Problem: Extract the records below word for word and ignore the images.

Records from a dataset
%%
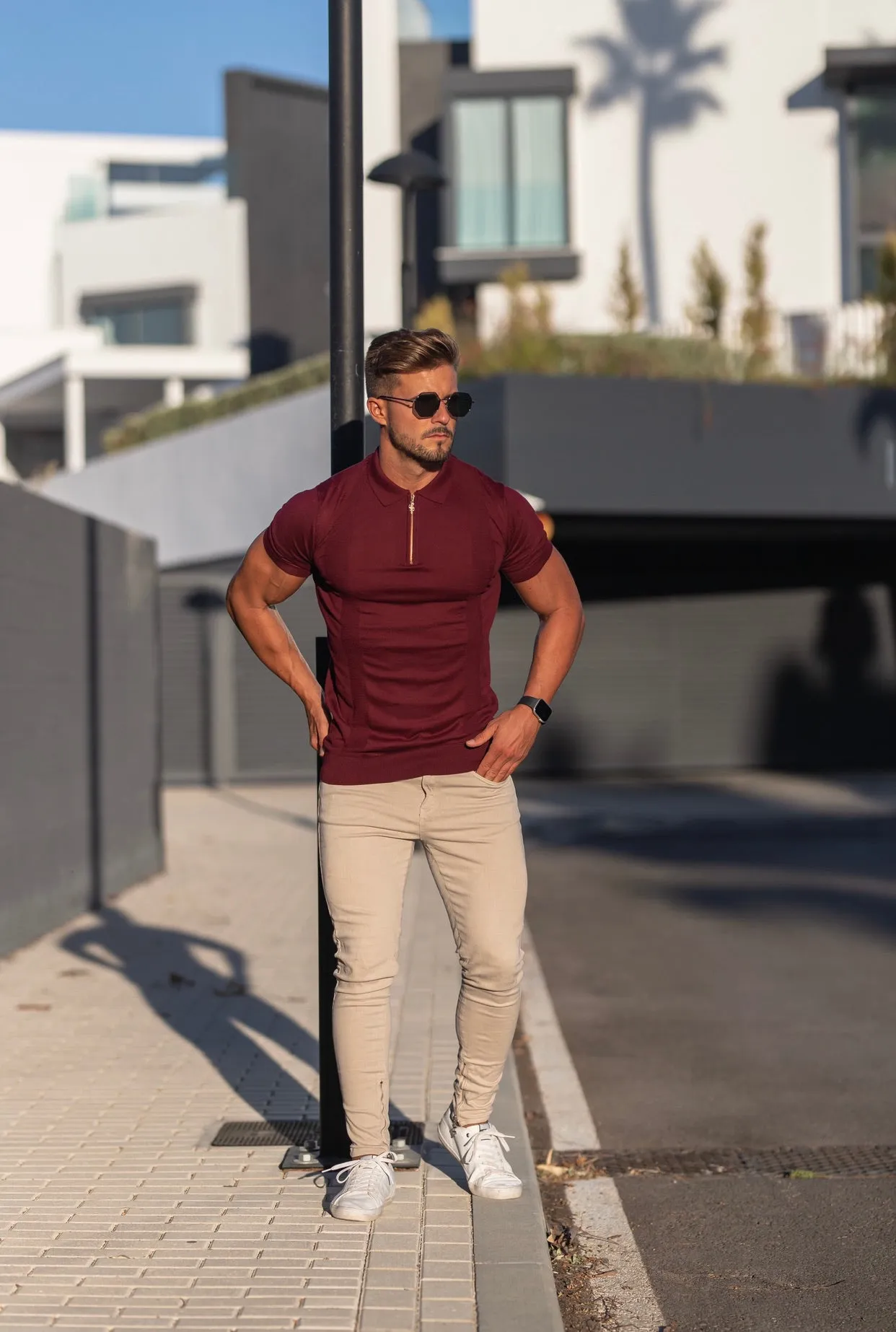 Father Sons Classic Fig Burgundy and Gold Zip Knitted Short Sleeve Polo - FSH466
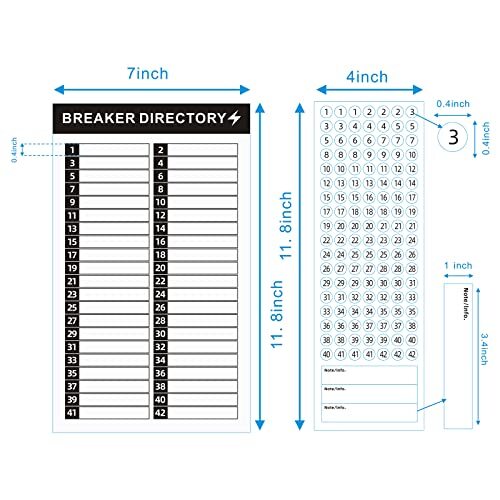 16 Sheets Breaker Panel Labels Electrical Box Sticker Numbers Reusable Adhesive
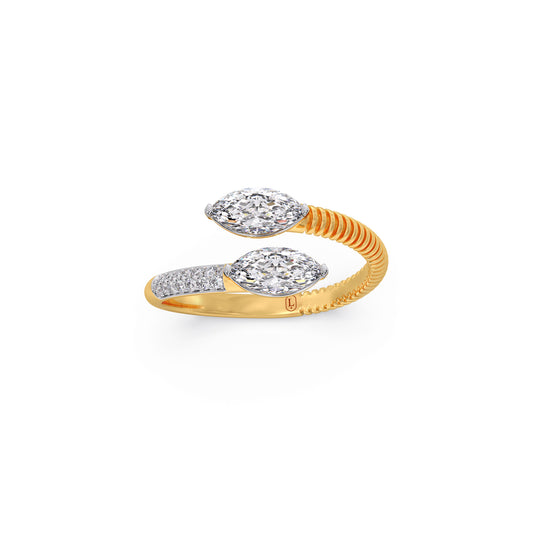 Marquise Paradox Diamond Bypass Ring - Yellow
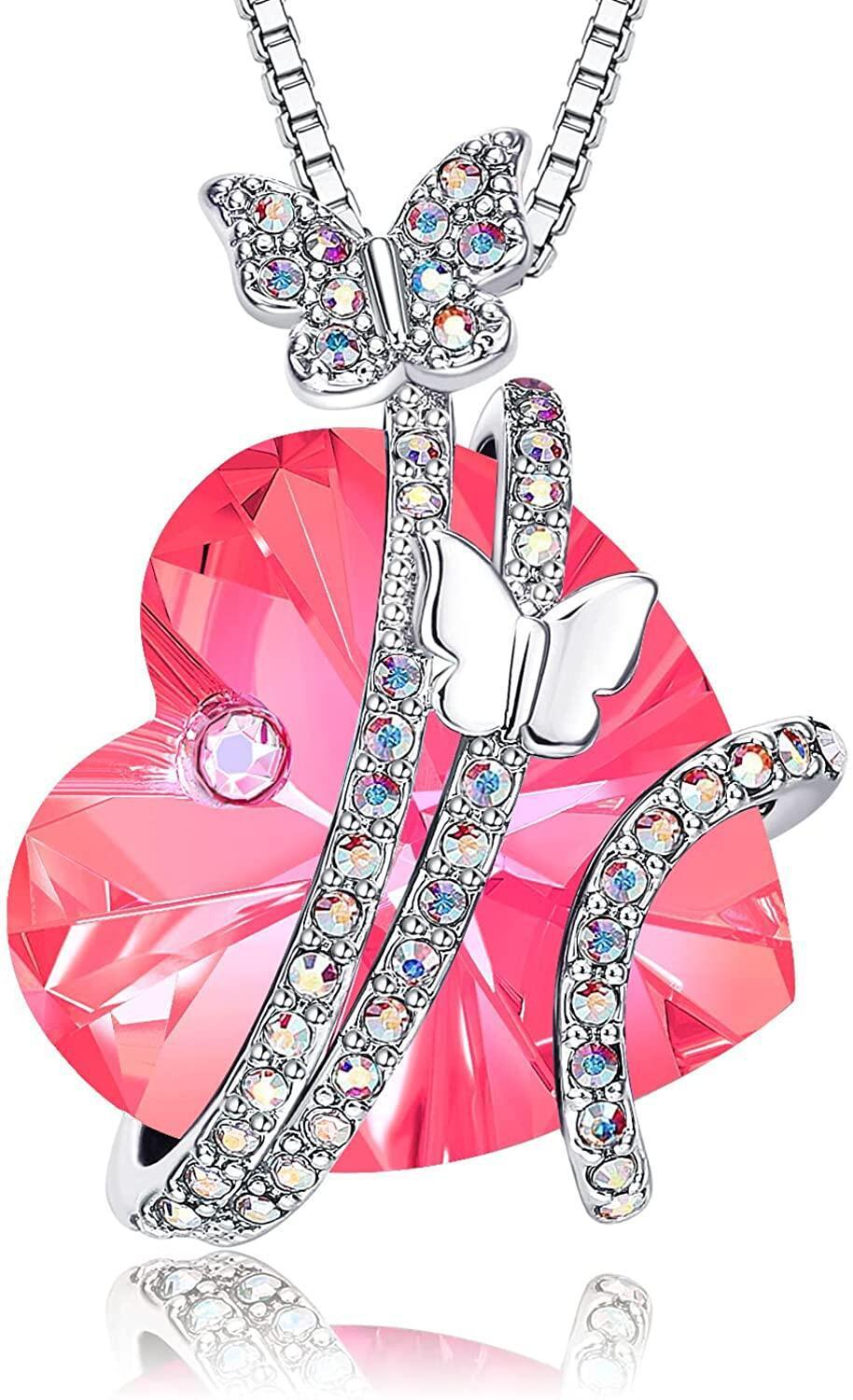 Heart-shaped Gem Inlaid With Exquisite Butterfly Colorful Crystals Women's Necklace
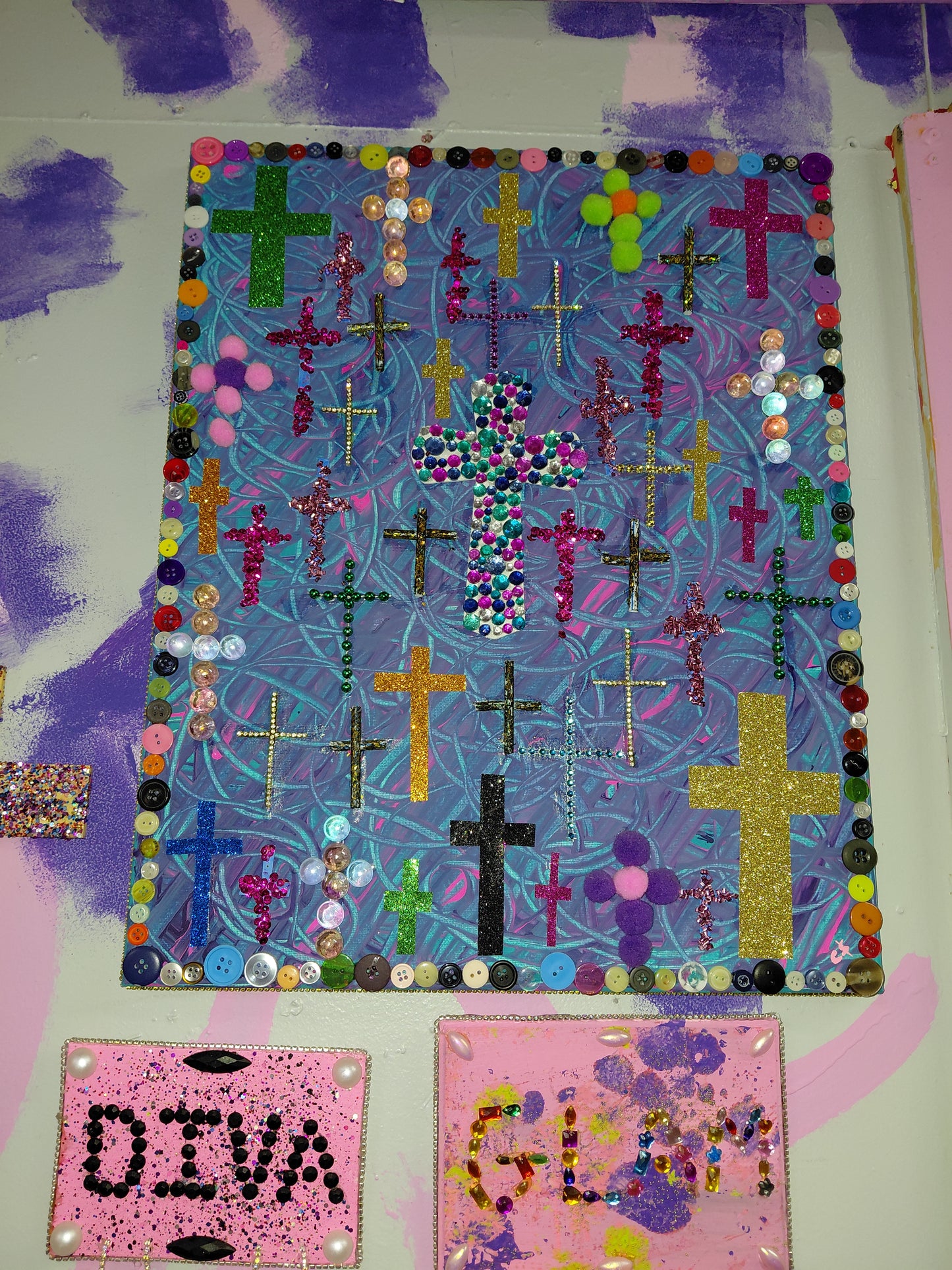 COCOMONEY ART Crosses 1 OF 1 CUSTOM PIECE BY COCOMONEY painting on canvas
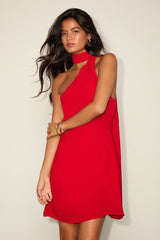 Isloda Red One-Shoulder Backless Sash Mini Dress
%%
Exercise solution:
 Father Sons Classic Fig Burgundy and Gold Zip Knitted Short Sleeve Polo - FSH466
 16 Sheets Breaker Panel Labels Electrical Box Sticker Numbers Reusable Adhesive
 Marquise Paradox Diamond Bypass Ring - Yellow
 Heart-shaped Gem Inlaid With Exquisite Butterfly Colorful Crystals Women's Necklace
 COCOMONEY ART Crosses 1 OF 1 CUSTOM PIECE BY COCOMONEY painting on canvas
 Isloda Red One-Shoulder Backless Sash Mini Dress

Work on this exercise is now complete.